··· Dataset

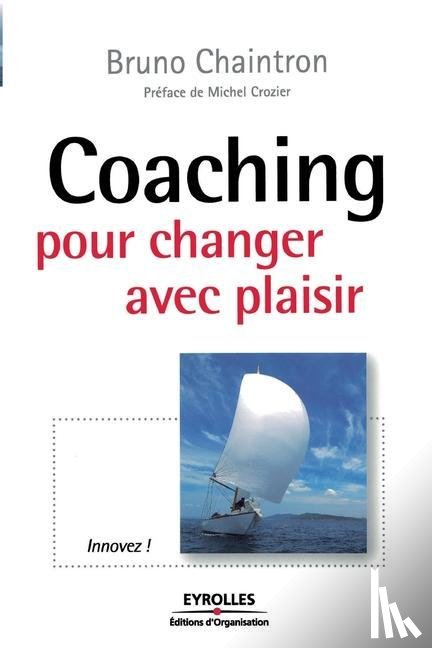 Chaintron, Bruno - Coaching pour changer avec plaisir
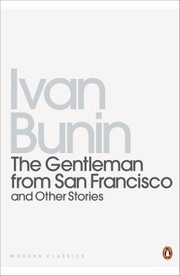 Cover of: Gentleman from San Francisco by David Richards, Ivan Alekseevich Bunin, Sophie Lund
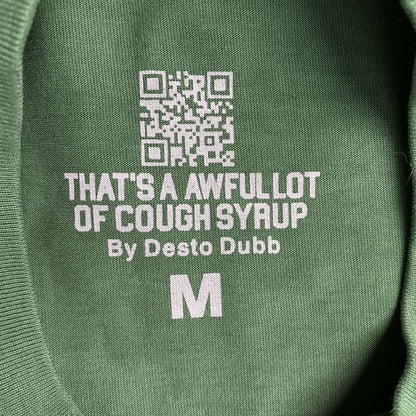 That's A Awful Lot of Cough Syrup
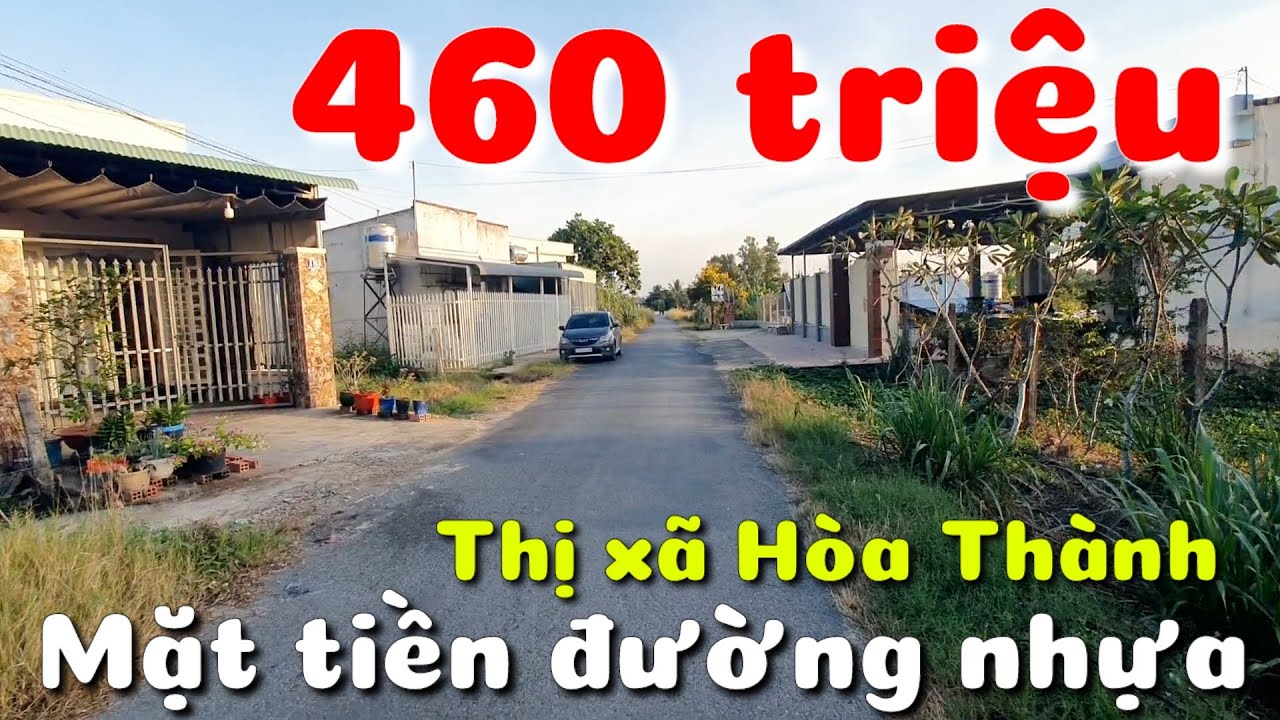 Bán đất 460 triệu mặt tiền đường nhựa gần Chợ Long Hải thị xã Hòa Thành Tây Ninh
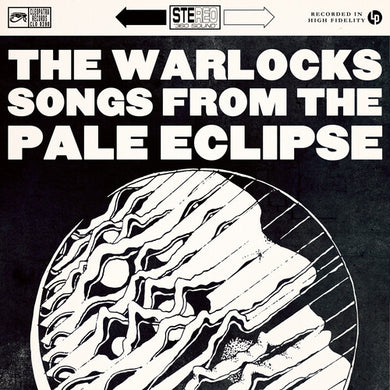 The Warlocks- Songs From The Pale Eclipse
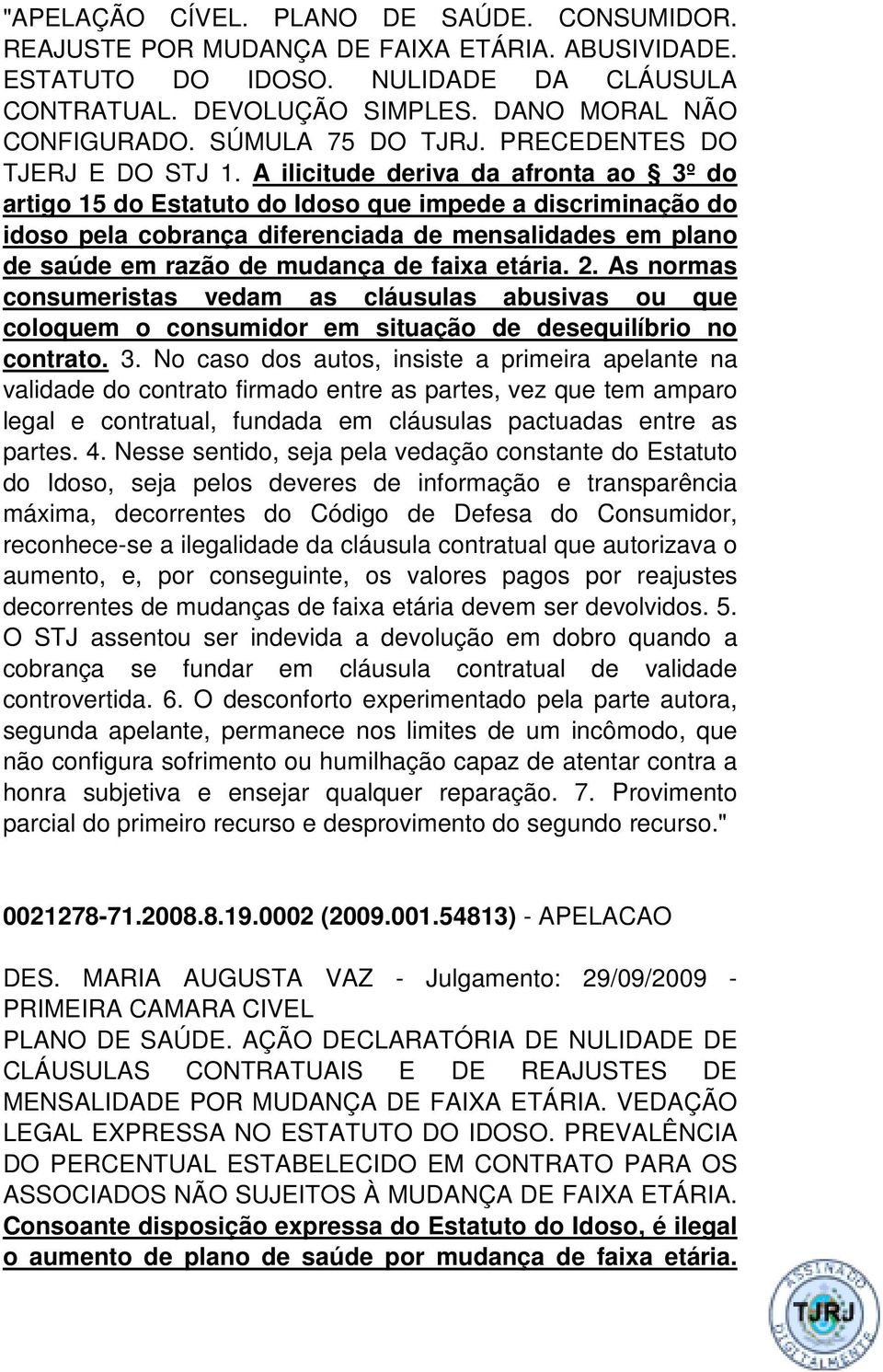 A ilicitude deriva da afronta ao 3º do artigo 15 do Estatuto do Idoso que impede a discriminação do idoso pela cobrança diferenciada de mensalidades em plano de saúde em razão de mudança de faixa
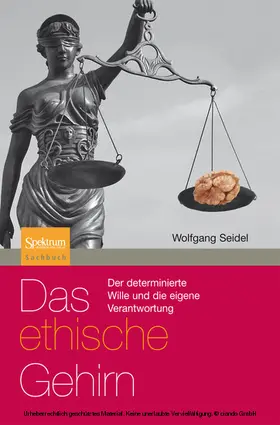 Seidel |  Das ethische Gehirn | eBook | Sack Fachmedien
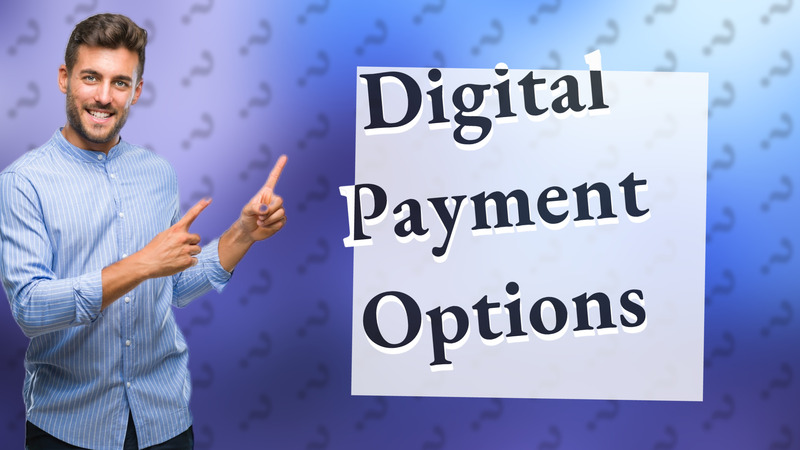 Digital Payment Options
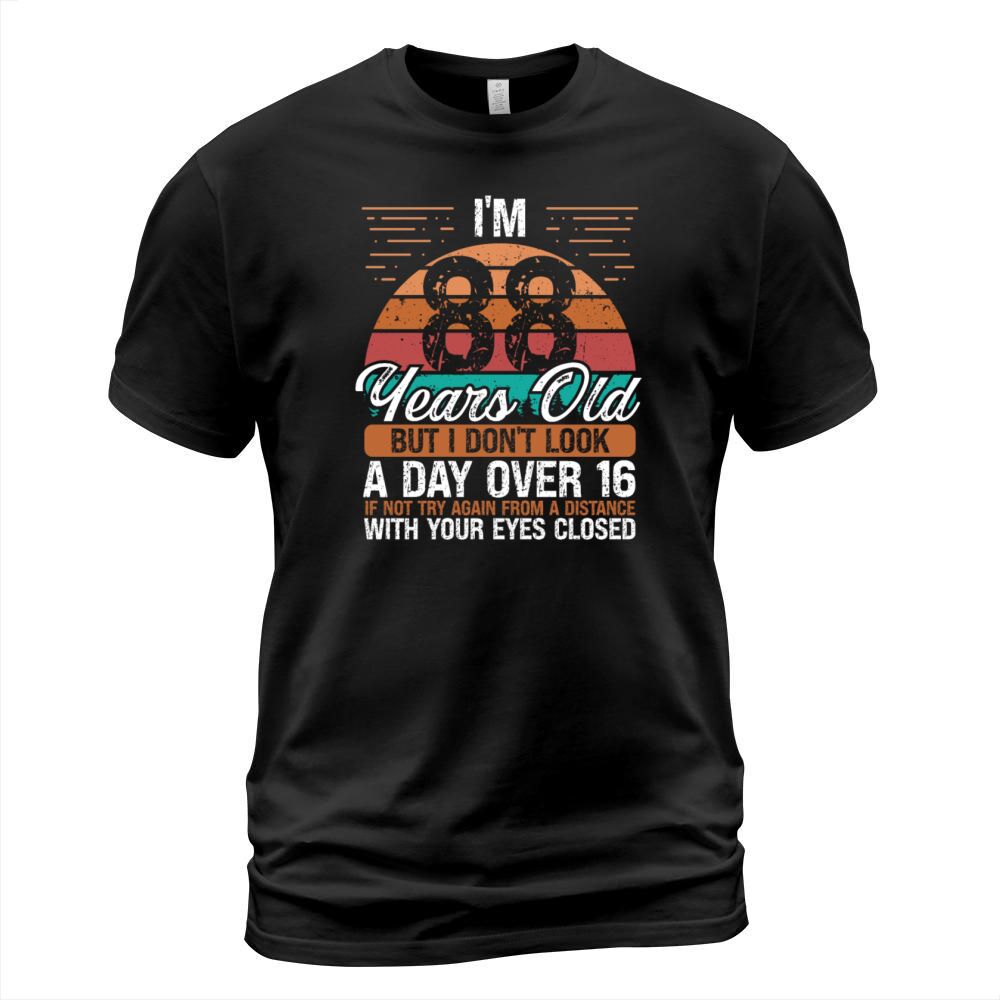 88 Birthday Day over 16 Vintage 88 Years Old T-Shirt Unisex
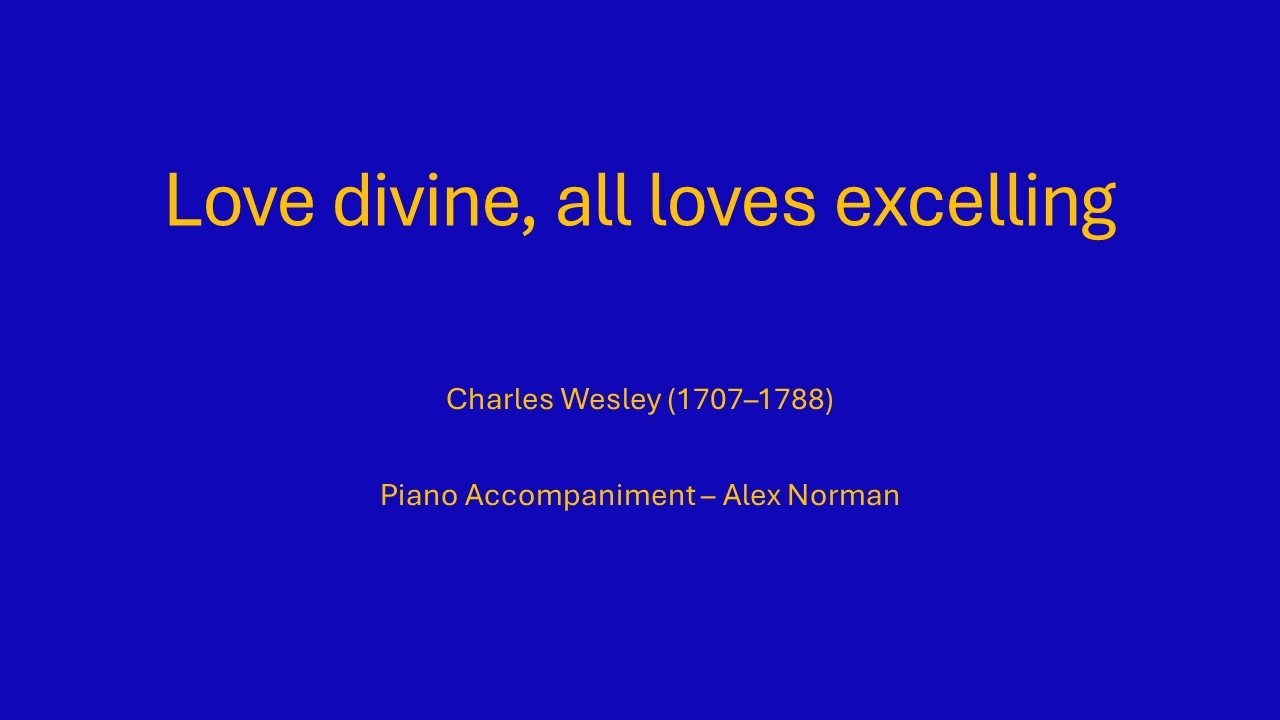 Love divine, all loves excelling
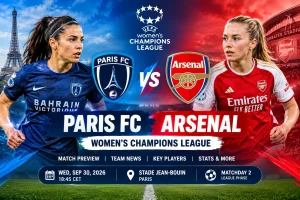 Paris FC vs Arsenal Women's Champions League match preview at Stade Jean-Bouin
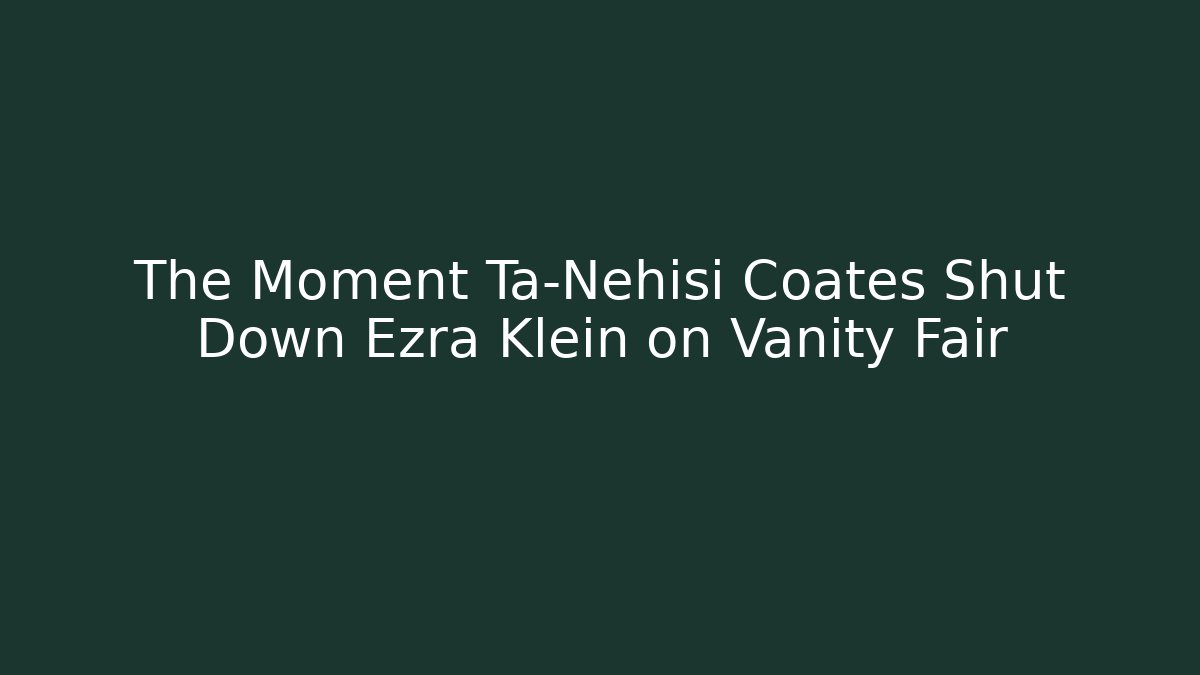 The Moment Ta-Nehisi Coates Shut Down Ezra Klein on Vanity Fair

······

→ Exercise objective
What you return must match each record exactly and contain no images.

→ Result below
 Chaintron, Bruno - Coaching pour changer avec plaisir
 Cover of: Gentleman from San Francisco by David Richards, Ivan Alekseevich Bunin, Sophie Lund
 That's A Awful Lot of Cough Syrup
 Bán đất 460 triệu mặt tiền đường nhựa gần Chợ Long Hải thị xã Hòa Thành Tây Ninh
 The Warlocks- Songs From The Pale Eclipse
 A ilicitude deriva da afronta ao 3º do artigo 15 do Estatuto do Idoso que impede a discriminação do idoso pela cobrança diferenciada de mensalidades em plano de saúde em razão de mudança de faixa
 Seidel |  Das ethische Gehirn | eBook | Sack Fachmedien
 Digital Payment Options
 88 Birthday Day over 16 Vintage 88 Years Old T-Shirt Unisex
 Love divine, all loves excelling
 Paris FC vs Arsenal Women's Champions League match preview at Stade Jean-Bouin
 The Moment Ta-Nehisi Coates Shut Down Ezra Klein on Vanity Fair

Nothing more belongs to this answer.